Unfortunately, governments usually listen to the banks, who insist that the only solution is for government to borrow from them, pay them the interest, and wait for them to lend more money into the economy. 

How can governments be so stupid? There are several reasons. One is that governments are not as smart as banks when it comes to monetary policies. And, perhaps too, there might be some more specific means to bully, bribe or bamboozle politicians. 

A credible mechanism for governments to maintain the equilibrium between government-created and bank-created money is worked out in Michael Rowbotham’s The Grip of Death: A Study of Modern Money, Debt Slavery, and Destructive Economics, 1998. The mechanism is based on the British economy, but is applicable to any government which is not controlled by its private banks.

Perhaps more of that in the next blog.

                        

Sunday, 2 August 2015

Blog 18 Crisis / Opportunity

In Blog 7, I introduced the four means of subverting the law of money within a nation.

1 Noblesse oblige (the charity of the rich);

2, Government redistribution; by taxing the richer and spending the tax receipts on the poorer.

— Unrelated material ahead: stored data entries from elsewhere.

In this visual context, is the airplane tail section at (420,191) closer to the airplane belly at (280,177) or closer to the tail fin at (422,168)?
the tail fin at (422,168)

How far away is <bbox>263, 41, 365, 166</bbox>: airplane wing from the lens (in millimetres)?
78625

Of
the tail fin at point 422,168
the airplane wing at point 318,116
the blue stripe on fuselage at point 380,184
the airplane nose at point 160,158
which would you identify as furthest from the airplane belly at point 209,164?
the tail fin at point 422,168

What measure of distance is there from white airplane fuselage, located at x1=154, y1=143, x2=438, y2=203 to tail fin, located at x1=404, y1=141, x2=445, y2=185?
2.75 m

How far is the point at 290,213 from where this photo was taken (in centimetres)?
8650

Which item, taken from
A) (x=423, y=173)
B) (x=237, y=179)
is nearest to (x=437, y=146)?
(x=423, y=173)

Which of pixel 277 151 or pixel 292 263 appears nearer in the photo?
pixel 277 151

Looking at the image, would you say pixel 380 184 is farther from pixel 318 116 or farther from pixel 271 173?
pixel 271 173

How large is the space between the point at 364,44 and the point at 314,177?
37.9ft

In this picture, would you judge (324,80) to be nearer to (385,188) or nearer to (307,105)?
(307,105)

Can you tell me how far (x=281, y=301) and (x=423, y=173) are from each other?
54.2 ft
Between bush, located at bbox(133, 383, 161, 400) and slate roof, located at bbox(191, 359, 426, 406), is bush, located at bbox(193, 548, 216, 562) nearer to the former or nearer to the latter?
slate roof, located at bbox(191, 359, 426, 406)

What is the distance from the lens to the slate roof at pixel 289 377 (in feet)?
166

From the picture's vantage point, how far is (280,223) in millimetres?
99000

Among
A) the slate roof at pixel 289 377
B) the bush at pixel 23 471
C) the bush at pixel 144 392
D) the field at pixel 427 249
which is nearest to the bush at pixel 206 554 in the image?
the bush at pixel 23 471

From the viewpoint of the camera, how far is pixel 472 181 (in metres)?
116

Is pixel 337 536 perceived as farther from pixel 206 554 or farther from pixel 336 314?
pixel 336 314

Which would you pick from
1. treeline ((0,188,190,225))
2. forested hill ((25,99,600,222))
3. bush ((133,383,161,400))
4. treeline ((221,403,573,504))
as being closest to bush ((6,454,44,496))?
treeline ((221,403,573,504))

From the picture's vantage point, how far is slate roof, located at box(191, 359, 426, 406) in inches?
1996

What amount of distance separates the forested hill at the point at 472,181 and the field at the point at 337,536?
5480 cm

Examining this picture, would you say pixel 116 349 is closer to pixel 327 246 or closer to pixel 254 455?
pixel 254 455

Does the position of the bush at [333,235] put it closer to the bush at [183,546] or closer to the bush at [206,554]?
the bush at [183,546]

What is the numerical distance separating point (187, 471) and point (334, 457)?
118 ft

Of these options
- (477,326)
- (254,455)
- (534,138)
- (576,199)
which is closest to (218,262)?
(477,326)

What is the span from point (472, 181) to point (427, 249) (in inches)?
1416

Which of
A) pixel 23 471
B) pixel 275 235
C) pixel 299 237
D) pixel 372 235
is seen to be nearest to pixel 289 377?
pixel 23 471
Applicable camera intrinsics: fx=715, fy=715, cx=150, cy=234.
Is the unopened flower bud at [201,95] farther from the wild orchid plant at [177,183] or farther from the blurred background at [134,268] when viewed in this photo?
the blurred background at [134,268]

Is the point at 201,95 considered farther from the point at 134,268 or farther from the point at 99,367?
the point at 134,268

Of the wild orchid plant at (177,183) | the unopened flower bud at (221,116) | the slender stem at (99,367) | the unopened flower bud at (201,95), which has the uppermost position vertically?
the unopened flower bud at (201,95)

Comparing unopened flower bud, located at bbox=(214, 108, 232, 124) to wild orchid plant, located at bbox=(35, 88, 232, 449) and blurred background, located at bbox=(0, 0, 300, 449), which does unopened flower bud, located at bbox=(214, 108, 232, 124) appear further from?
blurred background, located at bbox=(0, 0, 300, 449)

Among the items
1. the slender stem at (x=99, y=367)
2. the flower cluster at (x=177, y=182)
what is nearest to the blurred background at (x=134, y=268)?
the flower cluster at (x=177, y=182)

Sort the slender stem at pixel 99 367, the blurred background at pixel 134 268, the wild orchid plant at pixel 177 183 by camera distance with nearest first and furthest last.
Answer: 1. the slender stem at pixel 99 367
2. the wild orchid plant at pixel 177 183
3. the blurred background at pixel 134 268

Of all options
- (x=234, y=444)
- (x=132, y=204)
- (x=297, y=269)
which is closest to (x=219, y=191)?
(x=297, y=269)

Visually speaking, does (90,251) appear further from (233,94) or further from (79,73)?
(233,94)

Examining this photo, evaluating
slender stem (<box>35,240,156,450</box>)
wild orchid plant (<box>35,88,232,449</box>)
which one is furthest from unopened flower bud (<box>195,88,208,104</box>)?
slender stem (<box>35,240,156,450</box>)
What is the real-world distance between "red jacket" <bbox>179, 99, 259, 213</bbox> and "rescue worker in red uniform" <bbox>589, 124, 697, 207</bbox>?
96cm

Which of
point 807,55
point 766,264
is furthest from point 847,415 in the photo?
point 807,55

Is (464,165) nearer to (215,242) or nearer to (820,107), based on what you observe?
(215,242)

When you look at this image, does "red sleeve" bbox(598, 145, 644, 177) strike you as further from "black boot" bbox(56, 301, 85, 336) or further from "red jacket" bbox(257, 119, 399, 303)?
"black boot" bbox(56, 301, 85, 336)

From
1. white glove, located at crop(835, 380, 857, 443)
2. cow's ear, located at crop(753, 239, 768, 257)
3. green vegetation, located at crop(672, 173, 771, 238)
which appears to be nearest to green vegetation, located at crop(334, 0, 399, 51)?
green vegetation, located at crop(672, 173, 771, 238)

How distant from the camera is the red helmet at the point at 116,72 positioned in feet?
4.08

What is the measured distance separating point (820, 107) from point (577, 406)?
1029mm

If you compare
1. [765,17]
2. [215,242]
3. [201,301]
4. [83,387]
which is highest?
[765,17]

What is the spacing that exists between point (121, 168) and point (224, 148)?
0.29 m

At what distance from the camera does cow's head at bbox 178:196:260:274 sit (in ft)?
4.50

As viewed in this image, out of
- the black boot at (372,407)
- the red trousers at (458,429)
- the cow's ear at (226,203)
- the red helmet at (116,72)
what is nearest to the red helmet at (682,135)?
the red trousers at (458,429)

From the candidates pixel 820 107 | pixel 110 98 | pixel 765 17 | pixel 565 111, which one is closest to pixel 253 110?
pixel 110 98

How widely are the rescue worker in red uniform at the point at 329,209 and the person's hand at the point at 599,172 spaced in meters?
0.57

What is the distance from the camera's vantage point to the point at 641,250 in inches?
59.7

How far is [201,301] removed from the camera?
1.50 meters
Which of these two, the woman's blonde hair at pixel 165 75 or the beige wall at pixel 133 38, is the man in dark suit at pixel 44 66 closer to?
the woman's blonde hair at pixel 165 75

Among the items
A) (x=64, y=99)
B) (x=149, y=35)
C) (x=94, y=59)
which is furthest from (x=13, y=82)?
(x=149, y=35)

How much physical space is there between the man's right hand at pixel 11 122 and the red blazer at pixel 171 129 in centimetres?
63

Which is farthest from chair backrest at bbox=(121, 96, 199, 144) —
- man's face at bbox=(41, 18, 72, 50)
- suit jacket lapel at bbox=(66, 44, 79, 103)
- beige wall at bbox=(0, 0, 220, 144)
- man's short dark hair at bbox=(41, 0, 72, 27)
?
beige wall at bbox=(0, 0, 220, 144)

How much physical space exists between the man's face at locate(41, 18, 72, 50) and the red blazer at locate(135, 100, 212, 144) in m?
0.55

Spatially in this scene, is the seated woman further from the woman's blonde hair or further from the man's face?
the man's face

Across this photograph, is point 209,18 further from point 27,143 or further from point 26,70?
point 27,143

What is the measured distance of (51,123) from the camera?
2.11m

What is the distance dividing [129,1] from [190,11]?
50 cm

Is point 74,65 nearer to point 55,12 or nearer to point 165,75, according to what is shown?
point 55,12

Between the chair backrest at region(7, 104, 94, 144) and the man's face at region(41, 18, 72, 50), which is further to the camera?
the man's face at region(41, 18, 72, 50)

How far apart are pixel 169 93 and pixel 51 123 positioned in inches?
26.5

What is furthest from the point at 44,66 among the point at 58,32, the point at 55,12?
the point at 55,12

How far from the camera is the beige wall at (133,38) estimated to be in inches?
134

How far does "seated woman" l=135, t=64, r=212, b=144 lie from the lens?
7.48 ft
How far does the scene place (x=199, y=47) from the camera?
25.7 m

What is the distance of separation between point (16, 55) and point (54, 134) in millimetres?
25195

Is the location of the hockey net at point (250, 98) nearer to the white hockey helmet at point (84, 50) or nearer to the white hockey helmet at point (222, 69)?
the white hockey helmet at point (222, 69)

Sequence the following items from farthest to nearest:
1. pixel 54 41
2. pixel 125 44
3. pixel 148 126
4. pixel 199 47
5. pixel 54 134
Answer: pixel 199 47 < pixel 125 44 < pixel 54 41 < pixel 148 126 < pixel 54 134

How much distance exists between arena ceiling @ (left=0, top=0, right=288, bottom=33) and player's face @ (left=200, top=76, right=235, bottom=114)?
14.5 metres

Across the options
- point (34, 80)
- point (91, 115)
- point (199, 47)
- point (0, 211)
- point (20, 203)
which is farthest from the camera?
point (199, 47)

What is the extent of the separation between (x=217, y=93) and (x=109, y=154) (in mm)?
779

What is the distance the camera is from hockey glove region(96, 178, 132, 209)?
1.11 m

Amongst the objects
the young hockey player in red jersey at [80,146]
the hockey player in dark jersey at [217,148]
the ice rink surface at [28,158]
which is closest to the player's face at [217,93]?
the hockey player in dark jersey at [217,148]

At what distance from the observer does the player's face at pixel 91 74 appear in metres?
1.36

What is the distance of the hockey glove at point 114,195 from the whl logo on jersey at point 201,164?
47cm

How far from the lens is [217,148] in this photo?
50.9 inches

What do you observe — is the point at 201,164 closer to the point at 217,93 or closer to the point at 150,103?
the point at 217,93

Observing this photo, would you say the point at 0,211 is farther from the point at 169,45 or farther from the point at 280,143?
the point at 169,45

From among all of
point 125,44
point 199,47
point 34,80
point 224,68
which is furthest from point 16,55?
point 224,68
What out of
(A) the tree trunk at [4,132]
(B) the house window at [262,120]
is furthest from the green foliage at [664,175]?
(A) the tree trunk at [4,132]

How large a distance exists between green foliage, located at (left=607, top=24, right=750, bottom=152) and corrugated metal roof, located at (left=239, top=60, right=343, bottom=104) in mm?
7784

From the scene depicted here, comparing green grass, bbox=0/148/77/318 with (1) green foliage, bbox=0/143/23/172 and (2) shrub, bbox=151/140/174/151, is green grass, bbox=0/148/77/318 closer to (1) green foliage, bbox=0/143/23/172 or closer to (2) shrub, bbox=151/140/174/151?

3, Workers unions - with freedom to act collectively to level up the power balance between wage receivers and dividend receivers.

4 Finally, when 1 to 3 have failed to function sufficiently, revolution, which I symbolized with an image of a guillotine. That is a humane device for separating heads from bodies. It was used extensively on the French royalty in the 1790's,

I noted that 1. noblesse oblige, while laudable, is not a big contender for gold medals in wealth equalization.

And 2, government equalization gets strangled by the power of of the debt-based money system. The rent payment on the debt (national/state/municipal) don't leave much for public picnic baskets.

Ditto 3, collective bargaining, suppressed by debt-stressed governments on the insistence of their bankers and big-money supporters.

So,prepare for the guillotine.

The French Revolution was just one of many revolutions brought on by the operation of the law of money. A list of examples would include the Communist revolutions beginning in Russia in 1917, and, more recently, the Occupy Wall Street movement, and the current ISIL and other 21st century Arab revolutions. They were and are brought on by a recurring crisis point in the distribution of wealth, when too much money has been accumulated by too few people, leaving too little for the majority.

And how much is too much,  and too little? Number-crunchers, despair. That balance may be quantifiable only after the revolution has decided it. But give it a try. And then notify the 1%. It could just save us from a nasty revolution.

It deserves to be said on that point that revolutions are almost never initiated by the poor, who are too occupied just keeping breath in their bodies. Revolutions are birthed in a deprived or de-privileged middle class, but once launched, the middle class seldom retains control.of the outcome.

So we seem to be due for one, it it hasn't started already. It is hard to predict the outcome because this revolution, unlike those previous national uprisings, is going to be global. That makes the stakes huge, and the predictions dubious.

But they all start with a small beginning somewhere.

That could be Iceland, and Greece, or ISIL.  ISIL? A theocracy? With human beings assuming the "voice of God/Allah" and telling everyone else what to do/think/be?  That could be worse than the cancer stage of capitalism!

Well,let's leave that thought to another blog. How a bout an upbeat quotation from Robert Frost, who, when asked what he thought about the fate of man, said, roughly quoted, "Men are like cockroaches, ineradicable."

Yeah, and by the way, I'm not inventing this stuff. I'm just quoting history.

Interesting verbal note:  the word "crisis" came from the old Greek word for "decide". 
And the English word "decide" came from Latin. In Latin it meant, "cut, with a downward stroke".